It seems unbelievable that five years ago Down syndrome entered our world when Nichole was born. That day replays in my mind every year on her birthday, fresh as if it has been not too long ago. It is no cliche, but rather a truth when people say, "kids grow up too quick" and "time goes by so fast." I was so scared.
If only I could redo that day, when I saw my baby come out of m, her back side displaying her thick neck confirming that she in fact had Down syndrome. As if in slow motion, I saw her naked back side coming to me, ready to rest on my chest. Down syndrome about to be handed to me, not my baby, but a condition. I wish I knew then what I know now.
This little girl has come to steal my heart. She has given me purpose, passion, and direction. She changed my life. This child of God entrusted to us is a gift. Yes, there is something about Nichole, something that touches my heart and spirit in ways nobody else can.

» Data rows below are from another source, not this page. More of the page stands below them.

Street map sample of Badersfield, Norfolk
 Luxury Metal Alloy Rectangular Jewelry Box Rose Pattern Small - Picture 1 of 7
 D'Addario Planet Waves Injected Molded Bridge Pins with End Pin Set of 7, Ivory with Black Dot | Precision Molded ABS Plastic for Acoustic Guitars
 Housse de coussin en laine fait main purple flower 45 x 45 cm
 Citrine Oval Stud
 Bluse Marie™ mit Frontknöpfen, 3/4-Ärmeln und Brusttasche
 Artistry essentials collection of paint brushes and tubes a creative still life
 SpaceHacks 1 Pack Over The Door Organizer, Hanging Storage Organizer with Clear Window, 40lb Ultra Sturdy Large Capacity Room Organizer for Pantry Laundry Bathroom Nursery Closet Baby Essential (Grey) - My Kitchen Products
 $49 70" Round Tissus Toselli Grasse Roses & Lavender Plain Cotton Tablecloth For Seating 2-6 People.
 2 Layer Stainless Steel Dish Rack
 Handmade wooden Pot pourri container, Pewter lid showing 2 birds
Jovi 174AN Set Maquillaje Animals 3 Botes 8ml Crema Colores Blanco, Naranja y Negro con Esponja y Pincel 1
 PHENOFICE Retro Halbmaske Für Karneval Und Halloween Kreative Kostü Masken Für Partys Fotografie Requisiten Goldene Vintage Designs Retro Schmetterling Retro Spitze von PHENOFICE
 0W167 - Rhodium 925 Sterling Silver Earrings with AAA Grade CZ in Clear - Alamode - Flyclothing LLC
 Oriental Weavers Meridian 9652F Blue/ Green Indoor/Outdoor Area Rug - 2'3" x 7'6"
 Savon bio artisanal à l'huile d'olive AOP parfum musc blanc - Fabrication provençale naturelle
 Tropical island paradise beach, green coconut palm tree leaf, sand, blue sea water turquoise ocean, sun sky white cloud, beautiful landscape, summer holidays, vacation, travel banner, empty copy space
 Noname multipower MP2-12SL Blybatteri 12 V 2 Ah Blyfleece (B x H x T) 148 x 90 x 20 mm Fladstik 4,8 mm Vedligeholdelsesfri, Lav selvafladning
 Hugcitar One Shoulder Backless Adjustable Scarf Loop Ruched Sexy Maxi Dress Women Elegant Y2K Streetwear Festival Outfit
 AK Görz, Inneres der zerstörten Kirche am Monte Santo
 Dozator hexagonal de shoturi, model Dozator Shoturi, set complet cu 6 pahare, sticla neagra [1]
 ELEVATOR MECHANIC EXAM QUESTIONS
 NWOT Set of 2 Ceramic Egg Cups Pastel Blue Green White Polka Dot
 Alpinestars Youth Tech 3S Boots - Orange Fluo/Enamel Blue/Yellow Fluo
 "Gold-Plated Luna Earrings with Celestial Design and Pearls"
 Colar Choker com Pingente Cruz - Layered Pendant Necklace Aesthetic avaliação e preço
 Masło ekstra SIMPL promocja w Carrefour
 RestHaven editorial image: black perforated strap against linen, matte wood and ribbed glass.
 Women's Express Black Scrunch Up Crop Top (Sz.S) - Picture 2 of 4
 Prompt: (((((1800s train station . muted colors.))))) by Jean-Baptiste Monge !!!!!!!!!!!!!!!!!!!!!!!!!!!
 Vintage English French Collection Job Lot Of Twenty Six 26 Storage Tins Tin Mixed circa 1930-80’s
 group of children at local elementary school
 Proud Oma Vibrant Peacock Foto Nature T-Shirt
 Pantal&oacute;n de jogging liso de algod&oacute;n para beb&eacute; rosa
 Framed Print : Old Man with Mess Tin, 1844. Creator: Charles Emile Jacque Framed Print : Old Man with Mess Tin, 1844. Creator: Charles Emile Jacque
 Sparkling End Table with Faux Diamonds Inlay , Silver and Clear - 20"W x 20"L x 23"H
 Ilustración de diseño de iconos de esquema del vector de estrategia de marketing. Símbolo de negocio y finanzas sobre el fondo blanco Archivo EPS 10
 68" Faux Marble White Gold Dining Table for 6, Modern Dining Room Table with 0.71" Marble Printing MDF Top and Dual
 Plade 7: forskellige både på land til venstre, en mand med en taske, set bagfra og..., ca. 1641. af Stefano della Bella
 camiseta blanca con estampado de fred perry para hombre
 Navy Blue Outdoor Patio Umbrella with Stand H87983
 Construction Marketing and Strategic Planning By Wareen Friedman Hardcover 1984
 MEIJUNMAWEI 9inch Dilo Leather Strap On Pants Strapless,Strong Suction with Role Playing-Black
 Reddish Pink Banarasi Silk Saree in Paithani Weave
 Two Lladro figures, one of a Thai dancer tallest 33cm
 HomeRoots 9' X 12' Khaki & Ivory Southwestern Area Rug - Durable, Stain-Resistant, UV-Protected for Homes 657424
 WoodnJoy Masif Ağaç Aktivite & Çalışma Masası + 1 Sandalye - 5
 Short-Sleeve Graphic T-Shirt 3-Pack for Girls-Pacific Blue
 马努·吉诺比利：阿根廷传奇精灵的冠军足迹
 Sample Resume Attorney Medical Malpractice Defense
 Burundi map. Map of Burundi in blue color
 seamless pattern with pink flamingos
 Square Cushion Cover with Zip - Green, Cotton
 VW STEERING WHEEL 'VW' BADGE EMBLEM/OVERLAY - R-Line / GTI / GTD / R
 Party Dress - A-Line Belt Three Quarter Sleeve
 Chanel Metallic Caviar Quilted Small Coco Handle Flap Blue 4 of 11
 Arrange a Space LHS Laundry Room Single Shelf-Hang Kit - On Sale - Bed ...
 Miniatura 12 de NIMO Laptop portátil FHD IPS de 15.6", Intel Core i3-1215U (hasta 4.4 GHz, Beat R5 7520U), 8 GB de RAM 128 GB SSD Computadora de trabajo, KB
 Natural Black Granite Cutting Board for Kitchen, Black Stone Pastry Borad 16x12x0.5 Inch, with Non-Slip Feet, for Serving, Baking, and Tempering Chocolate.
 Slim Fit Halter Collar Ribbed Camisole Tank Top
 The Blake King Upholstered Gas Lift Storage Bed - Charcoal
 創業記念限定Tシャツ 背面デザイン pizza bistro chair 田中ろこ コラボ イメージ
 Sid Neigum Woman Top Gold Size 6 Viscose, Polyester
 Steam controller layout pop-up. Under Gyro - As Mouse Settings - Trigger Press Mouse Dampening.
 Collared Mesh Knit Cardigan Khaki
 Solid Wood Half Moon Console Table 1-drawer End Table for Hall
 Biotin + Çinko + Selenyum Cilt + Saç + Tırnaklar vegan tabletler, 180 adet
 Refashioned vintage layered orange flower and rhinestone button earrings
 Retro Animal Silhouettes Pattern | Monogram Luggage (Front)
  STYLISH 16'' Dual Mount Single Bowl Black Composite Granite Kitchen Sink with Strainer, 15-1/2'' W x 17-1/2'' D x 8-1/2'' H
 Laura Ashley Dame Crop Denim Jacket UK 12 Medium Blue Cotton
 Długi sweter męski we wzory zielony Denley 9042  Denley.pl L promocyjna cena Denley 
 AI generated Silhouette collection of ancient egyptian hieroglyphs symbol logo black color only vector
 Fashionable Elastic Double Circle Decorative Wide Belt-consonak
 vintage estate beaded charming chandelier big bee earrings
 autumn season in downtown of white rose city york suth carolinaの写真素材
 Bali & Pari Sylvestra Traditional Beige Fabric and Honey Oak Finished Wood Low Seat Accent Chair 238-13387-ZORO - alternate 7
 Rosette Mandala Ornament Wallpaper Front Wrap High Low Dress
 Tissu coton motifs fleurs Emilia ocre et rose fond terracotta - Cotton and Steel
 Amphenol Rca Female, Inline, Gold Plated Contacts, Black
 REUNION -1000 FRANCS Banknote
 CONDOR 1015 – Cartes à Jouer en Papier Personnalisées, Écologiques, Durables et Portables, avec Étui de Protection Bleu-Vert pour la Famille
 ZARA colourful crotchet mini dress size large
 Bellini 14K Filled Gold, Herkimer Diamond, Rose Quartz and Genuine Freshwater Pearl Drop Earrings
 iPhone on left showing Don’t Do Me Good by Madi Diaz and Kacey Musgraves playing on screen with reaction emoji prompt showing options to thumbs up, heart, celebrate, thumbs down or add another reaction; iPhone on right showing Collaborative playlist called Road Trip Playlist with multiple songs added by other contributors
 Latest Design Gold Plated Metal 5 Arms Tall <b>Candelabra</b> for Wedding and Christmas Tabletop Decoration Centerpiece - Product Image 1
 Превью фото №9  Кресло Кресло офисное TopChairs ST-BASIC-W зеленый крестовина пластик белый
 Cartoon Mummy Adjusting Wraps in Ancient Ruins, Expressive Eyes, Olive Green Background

Her celebration of life touches my heart and makes me wish I celebrated with the same gusto she does. I wish I could feel the joy she feels, and I wish I could love unconditionally the way she does.
Nichole spent her birthday sick. And although she had a rough day, being sick, with a fever, and congested sinuses (not to mention the worse attendee at her own party). She still managed to expand my heart, and make me fall in love even more.
As we had lunch together she announced, "I help you" and she stirred the eggs. She also told me several times, while pointing at her head, "I sick." Because she loves the attention of her dismay.
She is my angel, and she holds my heart. I am who I am today in a large part because of her. her influence is making a mark, and her contribution to her mom, her family, and those that know her is already significant. This little girl is in the business of changing lives, and I have the honor to be her mother.
I live you rascal, with every ounce of my being!